Team:BIT/HW4
Device
We divided the instrument into eight functional modules: microfluidic chip, confocal detection of optical path, power board, structure, serial screen, microcontroller, temperature control module, peristaltic pump.Their size and position in the instrument can be seen in Fig 2.
The power supply provides the rated voltage for each power unit. The structure printed by 3D printer is used for fixing individual components.The microcontroller is responsible for controlling of the work of the various components,passing information to the serial port, processing the data of the detection.The serial screen is responsible for displaying the test results, and providing the human-computer interaction platform.The microfluidic chip is used as a platform for the entire reaction, and the detection is also done directly on it.Temperature control module and peristaltic pump assist microfluidic chip to achieve it’s function.The confocal detection of optical path is used to detect the fluorescence intensity.Here we will introduce their function one by one.
II Temperature control module
Temperature control module provide constant temperature environment in the chip for two reasons:1.E.coil need constant temperature environment when they restore activity from freeze-dried state;2.E. coli have the best growth and metabolism state in constant temperature environment.
2.1 Design:
Temperature control module consists of four parts, namely: alumina ceramic, heating piece, temperature sensor module and it’s supporting control module.The alumina ceramic is the base of the chip, and the chip is connected to it.
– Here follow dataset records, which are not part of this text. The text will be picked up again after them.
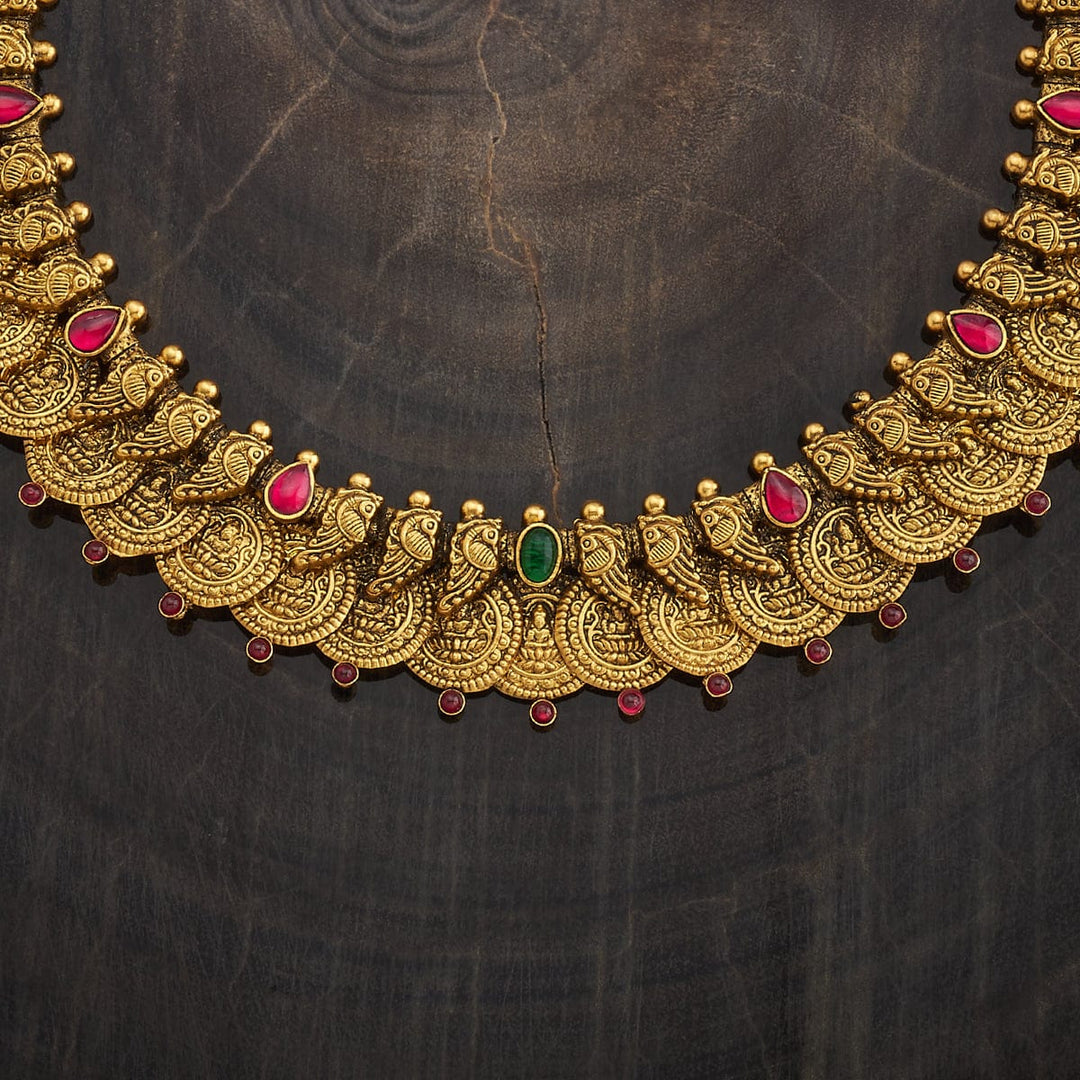 Pure 92.5 Silver Vintage Style Gold-Plated Lakshmi Kaasu Necklace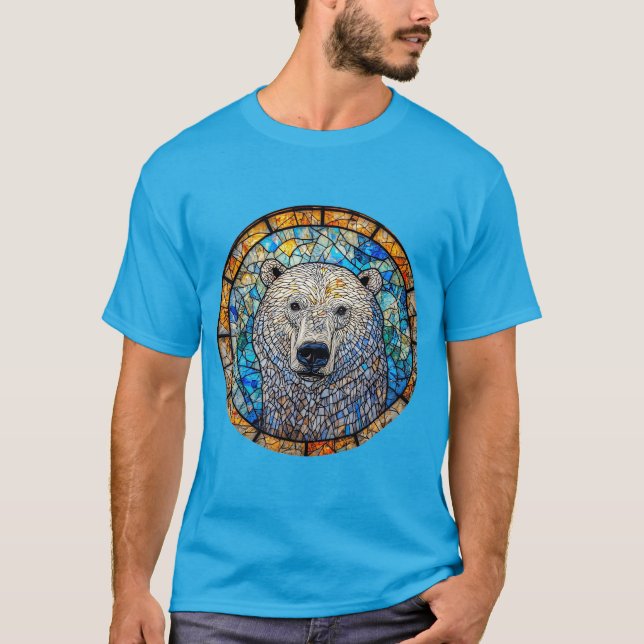 Majestätisk isbjörn glaskonst t shirt (Framsida)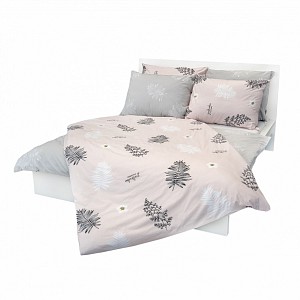 Krepové povlečení DELUXE 140x200+70x90 Kapradí růžovo-šedé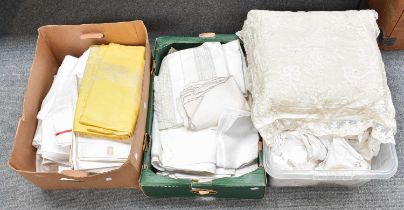 Three Boxes of Assorted table linen, hankies, shoe trees and other items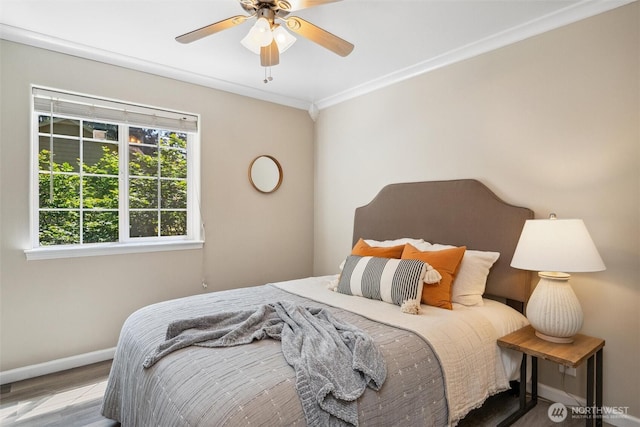 78 Honeycomb Ln, Bellingham, WA 98229 - bedroom featuring wood finished floors, crown molding, and ceiling fan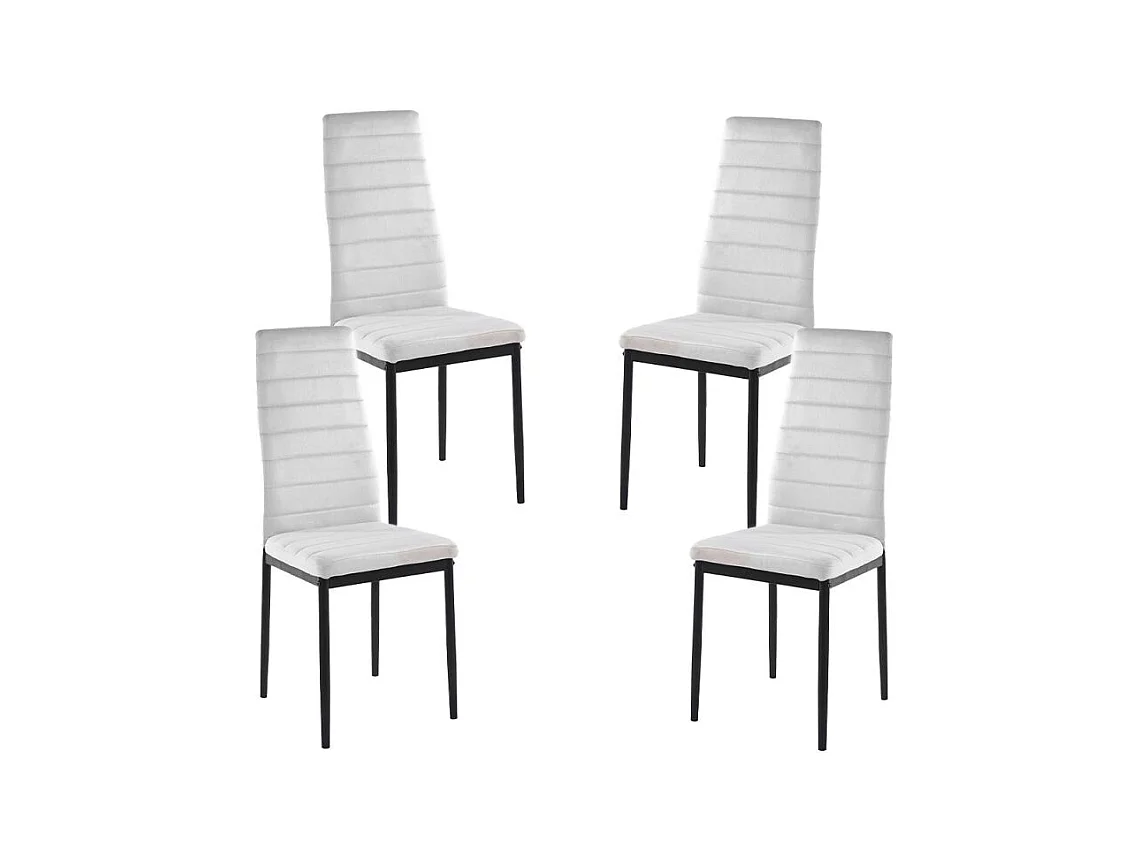Packs Sillas Comedor - Pack 4 Sillas Lauter Terciopelo - Gris claro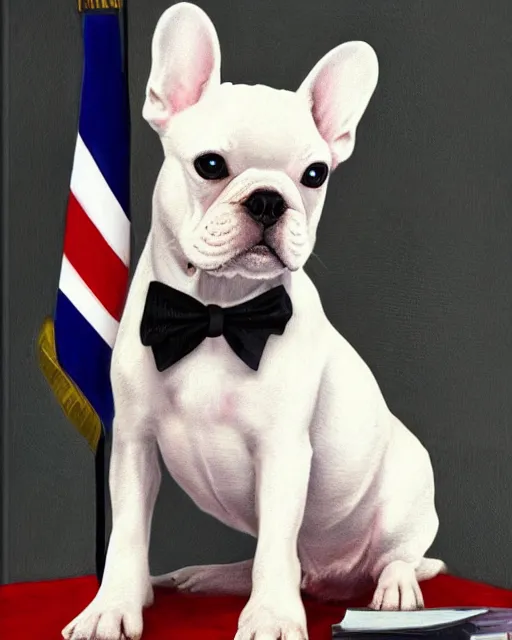 Image similar to White French Bulldog wearing a suit in the Oval Office with a flag in the background, detailed and intricate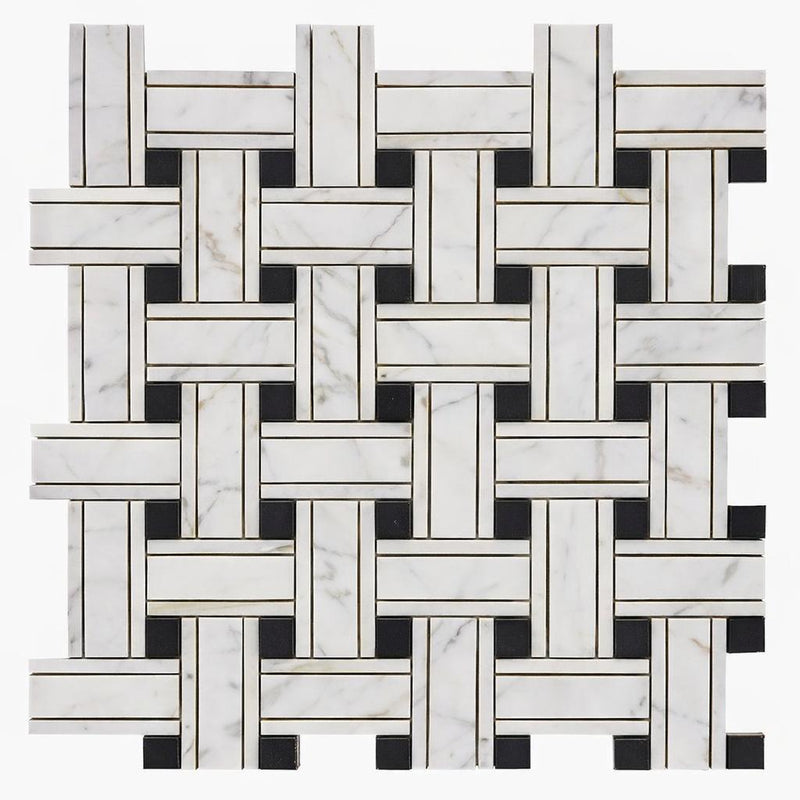 Carrara White (Italian) Marble Honed Mosaic Triple-Weave (w/ Black)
The rest of the temperature control board is located on the instrument, and the chip is placed on it when used.The alumina ceramic allow the chips to heat evenly.The control module control the work of the heater piece.The temperature sensor provide temperature information of microfluidic chip to the microcontroller at real-time.
2.2 Material:
Alumina ceramic piece’s thermal conductivity is 23W/(m^2*K), and the size is 45 * 30 mm. Heating piece’s rated voltage is 5V, the power is 10W, and the size is 40 x 40mm. Temperature sensor’s accuracy is 0.1 ° C.
2.3Working Process:
Its working process is very simple:When the chip temperature is higher than 37 degrees, the control module control the heating piece to stop heating;when the temperature is higher than 37 degrees, the heating piece works again.
III Peristaltic pump
3.1Design:
The injection and the flow of liquid in the chip is achieved through the negative pressure produced by the peristaltic pump.Peristaltic pump suck the air inside the chip, so that the air pressure inside the chip will be less than atmospheric pressure.That’s how the negative pressure is produced.Under the negative pressure,the liquid will flows into the chip.What’s more,the flow rate can be determined by controlling the pumping speed of the peristaltic pump, and the liquid inflow volume can be controlled by controlling the pumping time.Through the experiment we found that the best speed of liquid flow is 37uL/min(Experiment can be found in project page).And the pumping time can be set on the serial screen.
2.3Working Process:
This year we choose peristaltic pump of model S100-2B + TH10B.This type of peristaltic pump has long service life and is small in size and cheap in price.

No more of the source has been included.